Senyum Prestasi yang Bikin Frustasi

Ilustrasi. (kompas.com)

dakwatuna.com – Matanya sembab karena tangisnya baru saja meledak. Ia benamkan wajah di balik lipatan tangan di meja untuk membunuh rasa malu. Rekan-rekannya mulai berbisik. Tatapan bergantian membuatku merasa risih. Menatapku, menatapnya. Rekan-rekannya jelas menginginkanku berbuat sesuatu.

“Siap grak! Berdoa mulai!” Ratih bersuara lantang, menggantikan Kariyan yang masih sesenggukan.

Anak-anak berdoa dengan mata jelalatan.
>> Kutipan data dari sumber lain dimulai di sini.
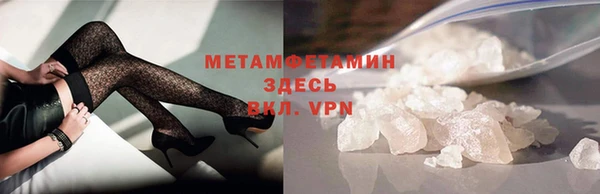 твердый Дмитриев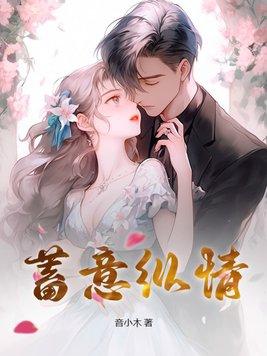 蓄意爱意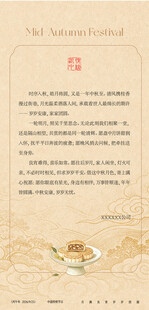 中秋海报 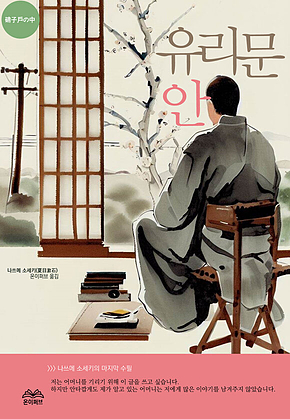 유리문 안 표지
Mereka seolah penasaran dengan apa yang akan aku lakukan. Usai berdoa, anak-anak kupersilahkan pulang, kecuali Kariyan. Tentu, rasa penasaran teman-teman Kariyan membuat mereka enggan beranjak pulang meski aku telah menyuruh mereka segera meninggalkan kelas.

Tanpa ba-bi-bu, Kariyan telah dikerumuni oleh teman-temannya. Ada yang simpati, ada juga yang bikin sakit hati. Nyatanya tangis Kariyan semakin menjadi. Dan aku semakin menggebu menunjukkan nilai-nilai terpuji.
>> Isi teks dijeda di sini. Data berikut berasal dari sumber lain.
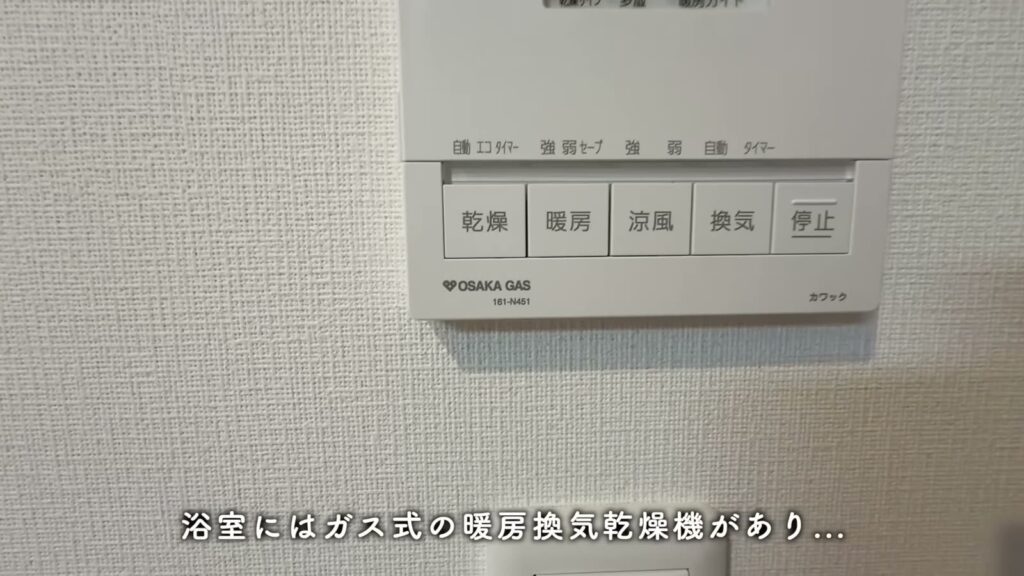 アルビス緑丘 2DKの浴室暖房乾燥機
“Bandi, apa yang kamu lakukan?”

“Kami nengok Kariyan Bu.”

“Tidak ada yang berada di kelas kecuali Ibu dan Kariyan!”

Anak-anak tak hirau, malah semakin menjadi mengejek Kariyan. “Ngape kau nangis, tadak malu. Ngerjakan soal gitu jak tadak bise”.

Suaraku meninggi. “Kalian tidak dengar, tidak ada yang berada di kelas kecuali Ibu dan Kariyan! Tidak ada yang mengejek, semua silahkan meninggalkan kelas, kecuali Kariyan.”
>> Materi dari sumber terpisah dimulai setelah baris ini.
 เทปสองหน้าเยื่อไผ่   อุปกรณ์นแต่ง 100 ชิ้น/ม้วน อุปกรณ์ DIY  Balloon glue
Anak-anak meninggalkan kelas dengan memendam rasa penasaran. Setelah pintu kelas kututup, aku mendekati Kariyan.

“Ibu akan ulangi soalnya, dan silahkan kamu jawab.”

Kariyan mulai mengerjakan dengan mata merah dan suara sesenggukan. Aku tak menampakkan rasa kasihan sedikit pun. Ini kulakukan karena aku ingin memberi pelajaran pada Kariyan.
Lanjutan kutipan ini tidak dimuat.